Booi made his first court appearance in the Cape Town Regional Court in February 2005. He insisted that he was innocent of any wrongdoing and he was the only Member of Parliament in the case who refused to enter into a plea bargain with the Scorpions. However, in September 2009, he also accepted a plea bargain, in terms of which he pled guilty to theft and was fined R50,000 or five years' imprisonment, in addition to a mandatory one-year prison sentence conditionally suspended for five years. He admitted that he had wrongly used parliamentary travel vouchers – designated only for air-travel expenses – for R92,000 in car rentals and R20,000 in hotel accommodation.

=== Defence Committee Chair: 2009–2010 ===
In the 2009 general election, Booi was re-elected to his legislative seat, ranked 69th on the ANC's national party list, and the ANC announced that it would nominate him to chair Parliament's Portfolio Committee on Defence and Military Veterans. He held the chair from June 2009 until October 2010, during which time he entered into a public row with Lindiwe Sisulu, then the Minister of Defence and Military Veterans under President Jacob Zuma; the Committee insisted that a particular report by the interim National Defence Force commission should be submitted to Parliament, but Sisulu refused.

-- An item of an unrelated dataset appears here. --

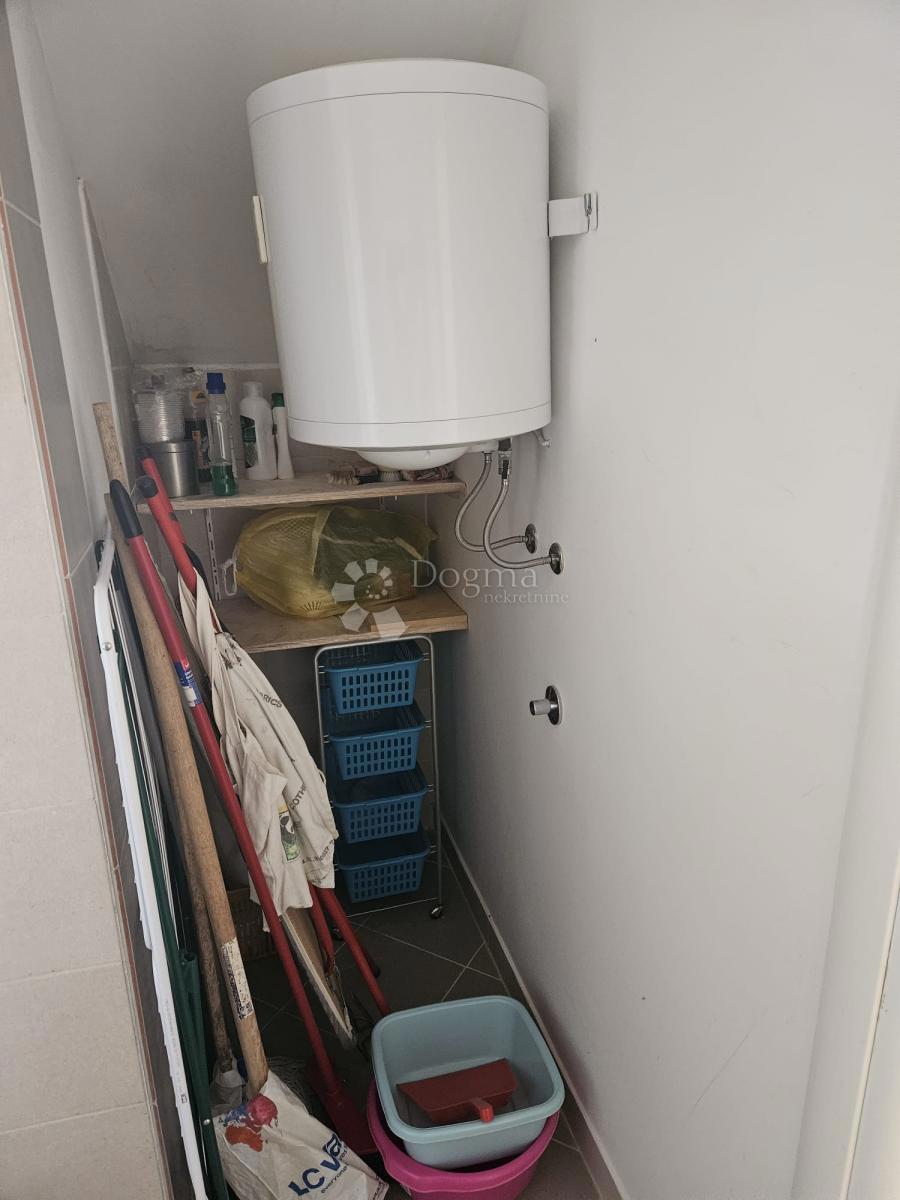 ROGOZNICA - COTTAGE 2ª FILA DAL MARE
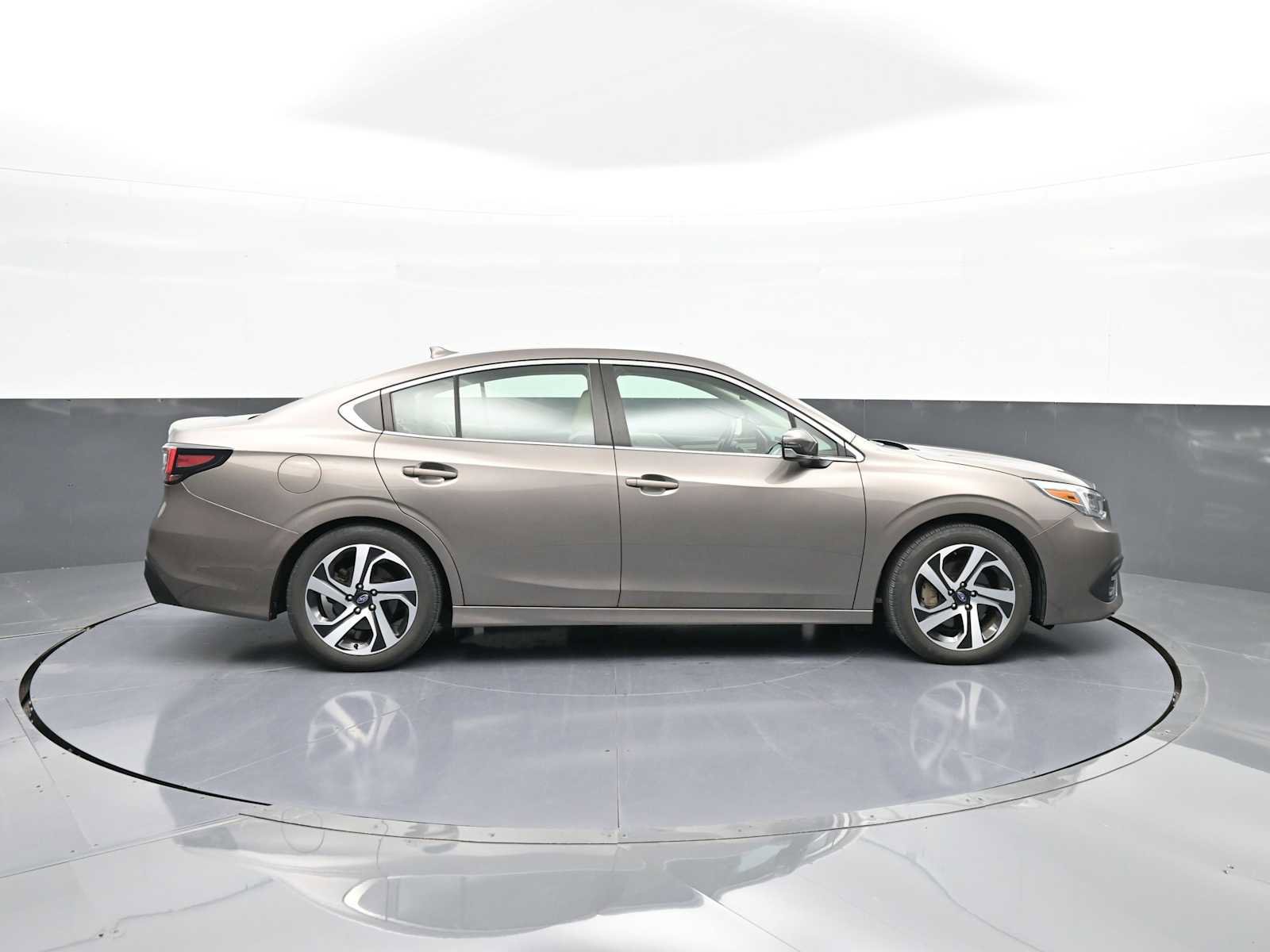 Used 2022 Subaru Legacy Limited image 18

The ANC supported Sisulu and, on 18 November 2010, announced that it would instruct its caucus to vote to remove Booi as committee chairperson. ANC Deputy Secretary-General Thandi Modise told the media that the party "was not impressed with the to-ing and fro-ing between the committee and the minister. We were not happy with the way the committee was functioning and with the way it lost focus and the main thrust of its mandate."

=== Ethics inquiry: 2017–2019 ===
After his Travelgate conviction and removal as committee chairperson, Booi was re-elected to Parliament in the 2014 general election; he was initially listed 119th on the ANC's national party list but he was moved up the list after the election when Dina Pule withdrew her name. During the legislative term that followed, Booi served as the ANC's whip in the Standing Committee on Public Accounts.

He was also subject to a prolonged investigation by Parliament's ethics committee, which began in mid-2017 when the Democratic Alliance's James Lorimer reported him to Parliament for failing to disclose remuneration received for extra-parliamentary work: Booi had been appointed as a consultant to Lurco Coal, a private company, in late 2015. Booi did not dispute that he had done the consulting work, but he argued that parliamentary rules did not require him to disclose the contract in 2016 and denied that there was any possible conflict of interest. However, when the investigation began, Booi expressed regret for the non-disclosure, saying it had been an oversight. In March 2019, weeks before the end of the legislative term, the Joint Committee on Ethics and Members' Interests found Booi guilty of misconduct in terms of the parliamentary rules; it recommended that he should be reprimanded in the National Assembly and fined 45 days' salary.

Booi did not stand for re-election to Parliament in the 2019 general election.